The CSA of the SPS is relatively easy to examine compared to the degree of EH. If we can efficiently predict the future development of EH in patients from small SPS CSA values, we may be able to prevent the onset of MD by early lifestyle changes.

The limitations of the present study are as follows. The number of cases was small in this study. Although the agreement between examiners was good, manual measurements of the CSA of the venous structure could be performed automatically in the future. Quantification of EH might be valuable to further elucidate the relationship between EH and SPS CSA.

The CSA of the venous structures might be affected by body position and respiratory status, but in the present study, it was only evaluated in a static supine position. The precise flow measurement, including the collateral venous flow, might be necessary to elucidate the relationship between venous congestion and EH; however, we employed static measurement of CSA in the present study. We focused on searching for a surrogate imaging biomarker of EH that could be easily obtained. The static CSA of SPS is relatively easy to obtain and might be a candidate for a surrogate imaging biomarker of EH. As mentioned above, the mechanism of the relationship between the degrees of venous development and EH remains unknown.
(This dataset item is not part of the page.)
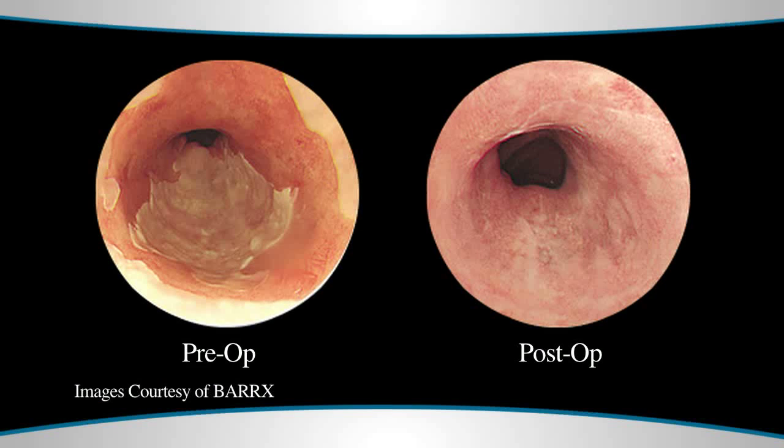If you look at the efficacy rates in the recent literature — this has been published in the New England Journal of Medicine — the outcomes are quite effective. For the removal of high-grade dysplasia in Barrett's esophagus, there was about an 81 percent response rate at one year, and for the removal of low-grade dysplasia, that was about 91 percent.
Since MD progresses over a long period of time, it would be interesting to see if the CSA of the SPS is altered between the early and late stages of MD, but further investigation with a larger number of patients over a longer period is necessary.

Conclusion

The results of this preliminary study showed that there was an association between the degree of EH and the CSA of the SPS, but not that of the IPS or IJV. Further studies are needed to establish the pathophysiological and clinical significance of the present results.